--- Given information Enclosed Below ---
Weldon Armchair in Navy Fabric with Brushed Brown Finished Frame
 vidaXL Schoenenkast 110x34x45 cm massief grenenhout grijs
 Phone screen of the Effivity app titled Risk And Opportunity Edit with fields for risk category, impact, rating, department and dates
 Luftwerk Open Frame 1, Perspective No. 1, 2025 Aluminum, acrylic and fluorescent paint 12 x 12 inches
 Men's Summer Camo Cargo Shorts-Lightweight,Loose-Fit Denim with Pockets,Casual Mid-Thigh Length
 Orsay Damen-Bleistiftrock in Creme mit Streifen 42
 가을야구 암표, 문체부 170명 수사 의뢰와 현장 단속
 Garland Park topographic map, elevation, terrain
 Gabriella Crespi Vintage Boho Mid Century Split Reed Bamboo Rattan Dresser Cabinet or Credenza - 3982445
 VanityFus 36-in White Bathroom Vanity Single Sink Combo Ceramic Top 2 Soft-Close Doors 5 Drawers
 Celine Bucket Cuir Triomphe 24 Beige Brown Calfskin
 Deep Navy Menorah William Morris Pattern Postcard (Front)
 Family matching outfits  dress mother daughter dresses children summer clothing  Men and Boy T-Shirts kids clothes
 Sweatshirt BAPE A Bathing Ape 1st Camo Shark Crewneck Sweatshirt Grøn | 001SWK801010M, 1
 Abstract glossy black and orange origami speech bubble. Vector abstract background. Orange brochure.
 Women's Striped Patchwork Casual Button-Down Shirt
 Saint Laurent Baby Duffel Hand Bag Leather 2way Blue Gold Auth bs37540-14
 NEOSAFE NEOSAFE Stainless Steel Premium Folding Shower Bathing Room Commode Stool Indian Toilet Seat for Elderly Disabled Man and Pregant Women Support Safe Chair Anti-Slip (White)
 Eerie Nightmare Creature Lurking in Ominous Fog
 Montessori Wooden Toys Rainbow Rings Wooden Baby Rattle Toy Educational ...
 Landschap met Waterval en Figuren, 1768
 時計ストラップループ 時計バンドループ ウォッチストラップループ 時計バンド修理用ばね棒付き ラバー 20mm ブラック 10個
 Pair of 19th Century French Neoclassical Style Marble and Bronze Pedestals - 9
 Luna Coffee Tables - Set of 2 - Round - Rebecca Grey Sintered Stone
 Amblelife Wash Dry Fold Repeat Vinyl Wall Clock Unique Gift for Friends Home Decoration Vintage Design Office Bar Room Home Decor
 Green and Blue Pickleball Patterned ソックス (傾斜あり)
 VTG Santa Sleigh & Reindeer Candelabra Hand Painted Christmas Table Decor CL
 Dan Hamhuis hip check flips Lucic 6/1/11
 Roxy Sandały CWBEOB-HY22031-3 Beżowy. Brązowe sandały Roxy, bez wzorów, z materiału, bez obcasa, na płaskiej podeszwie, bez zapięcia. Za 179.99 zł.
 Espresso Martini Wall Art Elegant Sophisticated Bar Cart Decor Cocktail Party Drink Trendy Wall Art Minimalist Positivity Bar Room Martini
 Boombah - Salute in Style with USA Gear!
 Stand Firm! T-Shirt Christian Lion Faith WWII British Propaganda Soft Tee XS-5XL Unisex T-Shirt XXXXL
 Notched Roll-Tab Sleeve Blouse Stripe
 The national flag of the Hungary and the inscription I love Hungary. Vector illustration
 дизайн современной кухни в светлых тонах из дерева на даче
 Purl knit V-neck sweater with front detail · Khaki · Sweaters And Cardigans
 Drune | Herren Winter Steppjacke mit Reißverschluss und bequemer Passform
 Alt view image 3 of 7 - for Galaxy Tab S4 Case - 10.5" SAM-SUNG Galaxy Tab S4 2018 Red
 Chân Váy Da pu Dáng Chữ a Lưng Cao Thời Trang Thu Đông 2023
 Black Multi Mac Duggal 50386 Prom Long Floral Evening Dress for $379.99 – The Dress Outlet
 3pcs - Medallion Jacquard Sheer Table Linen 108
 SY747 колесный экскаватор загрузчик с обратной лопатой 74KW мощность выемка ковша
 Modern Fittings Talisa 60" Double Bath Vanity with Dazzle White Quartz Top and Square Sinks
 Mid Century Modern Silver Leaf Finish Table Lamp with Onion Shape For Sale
--- End of Enclosed Given information ---
What you will do —
Your reply must be the entries above, returned word for word.

Answer space —
Weldon Armchair in Navy Fabric with Brushed Brown Finished Frame
 vidaXL Schoenenkast 110x34x45 cm massief grenenhout grijs
 Phone screen of the Effivity app titled Risk And Opportunity Edit with fields for risk category, impact, rating, department and dates
 Luftwerk Open Frame 1, Perspective No. 1, 2025 Aluminum, acrylic and fluorescent paint 12 x 12 inches
 Men's Summer Camo Cargo Shorts-Lightweight,Loose-Fit Denim with Pockets,Casual Mid-Thigh Length
 Orsay Damen-Bleistiftrock in Creme mit Streifen 42
 가을야구 암표, 문체부 170명 수사 의뢰와 현장 단속
 Garland Park topographic map, elevation, terrain
 Gabriella Crespi Vintage Boho Mid Century Split Reed Bamboo Rattan Dresser Cabinet or Credenza - 3982445
 VanityFus 36-in White Bathroom Vanity Single Sink Combo Ceramic Top 2 Soft-Close Doors 5 Drawers
 Celine Bucket Cuir Triomphe 24 Beige Brown Calfskin
 Deep Navy Menorah William Morris Pattern Postcard (Front)
 Family matching outfits  dress mother daughter dresses children summer clothing  Men and Boy T-Shirts kids clothes
 Sweatshirt BAPE A Bathing Ape 1st Camo Shark Crewneck Sweatshirt Grøn | 001SWK801010M, 1
 Abstract glossy black and orange origami speech bubble. Vector abstract background. Orange brochure.
 Women's Striped Patchwork Casual Button-Down Shirt
 Saint Laurent Baby Duffel Hand Bag Leather 2way Blue Gold Auth bs37540-14
 NEOSAFE NEOSAFE Stainless Steel Premium Folding Shower Bathing Room Commode Stool Indian Toilet Seat for Elderly Disabled Man and Pregant Women Support Safe Chair Anti-Slip (White)
 Eerie Nightmare Creature Lurking in Ominous Fog
 Montessori Wooden Toys Rainbow Rings Wooden Baby Rattle Toy Educational ...
 Landschap met Waterval en Figuren, 1768
 時計ストラップループ 時計バンドループ ウォッチストラップループ 時計バンド修理用ばね棒付き ラバー 20mm ブラック 10個
 Pair of 19th Century French Neoclassical Style Marble and Bronze Pedestals - 9
 Luna Coffee Tables - Set of 2 - Round - Rebecca Grey Sintered Stone
 Amblelife Wash Dry Fold Repeat Vinyl Wall Clock Unique Gift for Friends Home Decoration Vintage Design Office Bar Room Home Decor
 Green and Blue Pickleball Patterned ソックス (傾斜あり)
 VTG Santa Sleigh & Reindeer Candelabra Hand Painted Christmas Table Decor CL
 Dan Hamhuis hip check flips Lucic 6/1/11
 Roxy Sandały CWBEOB-HY22031-3 Beżowy. Brązowe sandały Roxy, bez wzorów, z materiału, bez obcasa, na płaskiej podeszwie, bez zapięcia. Za 179.99 zł.
 Espresso Martini Wall Art Elegant Sophisticated Bar Cart Decor Cocktail Party Drink Trendy Wall Art Minimalist Positivity Bar Room Martini
 Boombah - Salute in Style with USA Gear!
 Stand Firm! T-Shirt Christian Lion Faith WWII British Propaganda Soft Tee XS-5XL Unisex T-Shirt XXXXL
 Notched Roll-Tab Sleeve Blouse Stripe
 The national flag of the Hungary and the inscription I love Hungary. Vector illustration
 дизайн современной кухни в светлых тонах из дерева на даче
 Purl knit V-neck sweater with front detail · Khaki · Sweaters And Cardigans
 Drune | Herren Winter Steppjacke mit Reißverschluss und bequemer Passform
 Alt view image 3 of 7 - for Galaxy Tab S4 Case - 10.5" SAM-SUNG Galaxy Tab S4 2018 Red
 Chân Váy Da pu Dáng Chữ a Lưng Cao Thời Trang Thu Đông 2023
 Black Multi Mac Duggal 50386 Prom Long Floral Evening Dress for $379.99 – The Dress Outlet
 3pcs - Medallion Jacquard Sheer Table Linen 108
 SY747 колесный экскаватор загрузчик с обратной лопатой 74KW мощность выемка ковша
 Modern Fittings Talisa 60" Double Bath Vanity with Dazzle White Quartz Top and Square Sinks
 Mid Century Modern Silver Leaf Finish Table Lamp with Onion Shape For Sale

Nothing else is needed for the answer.